Very poor performance on 8khz data


(Shaikh Zhas) #1

Hi everyone

I have eventually succeeded in training my model on Russian/Kazakh mixed data.
However, I got very high WER.
I suppose that the main reason is the usage of 8KHZ instead of 16khz.
What do you think about this? Any comments?

This is what I got at the end of the training session:

I Training of Epoch 99 - loss: 2.772892
I FINISHED Optimization - training time: 1:20:22
100% (499 of 499) |######################| Elapsed Time: 0:29:22 Time: 0:29:22
Preprocessing [’/home/dulan/data/test.csv’]
Preprocessing done
Computing acoustic model predictions…
100% (285 of 285) |######################| Elapsed Time: 0:08:37 Time: 0:08:37
Decoding predictions…
100% (285 of 285) |######################| Elapsed Time: 0:07:52 Time: 0:07:52
Test - WER: 0.993192, CER: 66.797807, loss: 326.212860

Train: 15,000 wav files
Dev: 4000 wav files
Test: 1500 wav files

The run command:
nohup python -u DeepSpeech/DeepSpeech.py --train_files /home/dulan/data/train.csv --dev_files /home/dulan/data/dev.csv --test_files /home/dulan/data/test.csv --train_batch_size 8 --dev_batch_size 8 --test_batch_size 8 -alphabet_config_path /home/dulan/models/alphabet.txt --lm_binary_path /home/dulan/models/lm.binary --lm_trie_path /home/dulan/models/trie --epoch 100 --display_step 1 --export_dir /home/dulan/models --learning_rate 0.000025 --dropout_rate 0 --word_count_weight 3.5 --log_level 1

Also, how we can configure deepspeech 16khz default input to 8KHZ ?

@lissyx (BTW thanks for last comments)

Best


(kdavis) #2
  • How did you convert the 8KHz data to 16KHz?
  • Converting entire Deep Speech pipeline to use 8KHz is harder than converting your 8KHz data to 16KHz. So I’d suggest converting your 8KHz data to 16KHz.

(Shaikh Zhas) #3

It is not difficult to convert 8khz to 16khz, but it will cause some noise on 16khz data.
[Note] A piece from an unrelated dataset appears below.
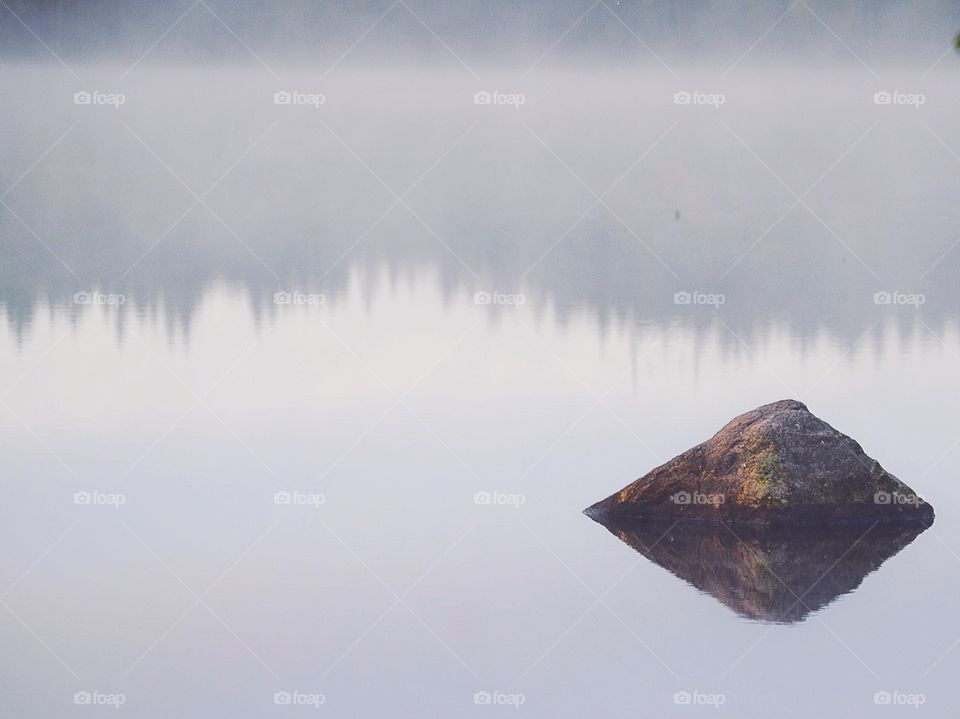 Foggy lake with a stone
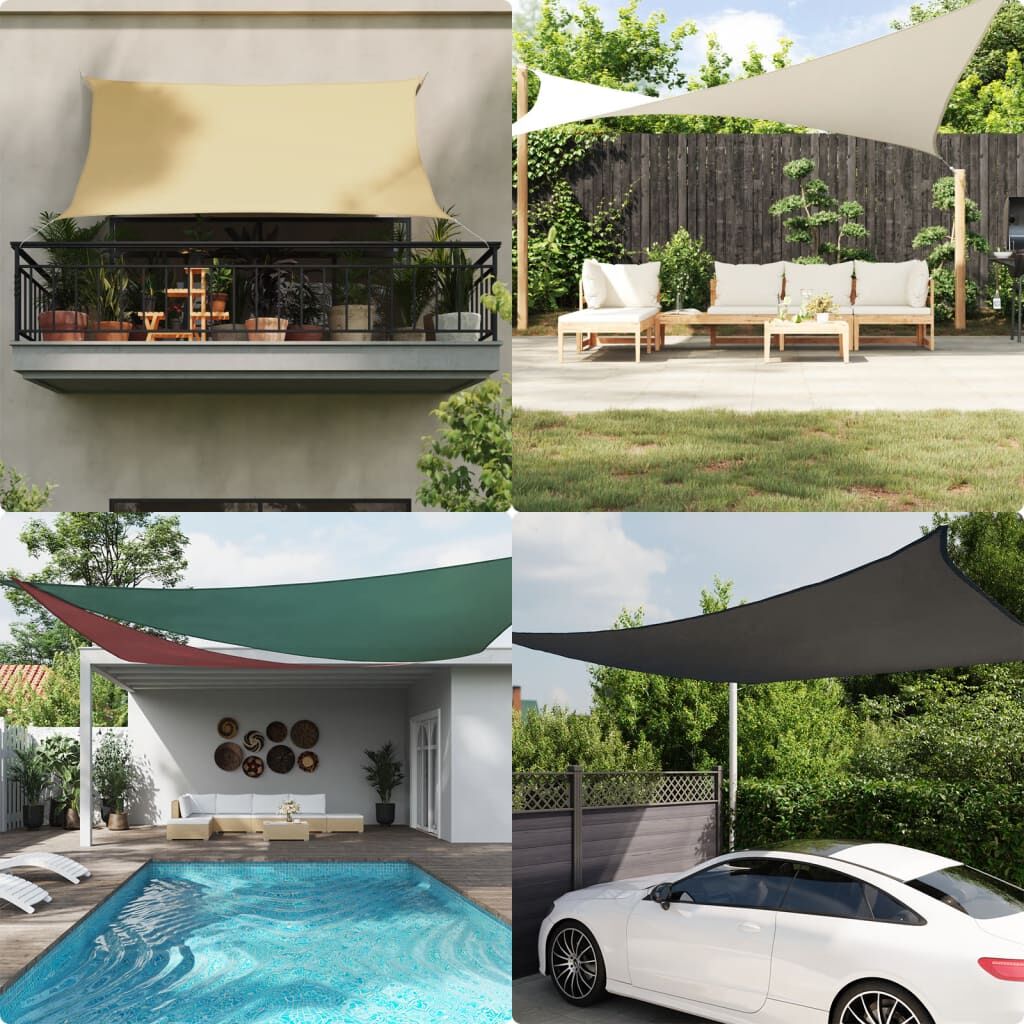 Vidaxl Toldo De Vela Triangular Tela Oxford Negro 4x4x4 M_1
How is it possible to reconfigure deepspeech to enable it work on 8khz data?


(kdavis) #4

I know it’s easy to convert from 8KHz data to 16KHz and I also know that there is a bug in the standard python “audioop” package that does this conversion. This is why I asked how you did the conversion.

So I want to ask again: How did you convert the 8KHz data to 16KHz?


(Shaikh Zhas) #5

using ffmpeg bash command


(kdavis) #6

OK.

Just looked at the size of your training set and it looks small.

To give you a better picture of the scale of data required, we train on about 1.5M wav files each of which is about 5-8 seconds long. So I think 15K files, unless they are very long files, is not enough to train on.

Out of curiosity what did the final loss look like for your test and dev sets? For the train set 326.212860 seems very high. I’m guessing you’re overfitting the training set with 100 epochs and not generalizing well.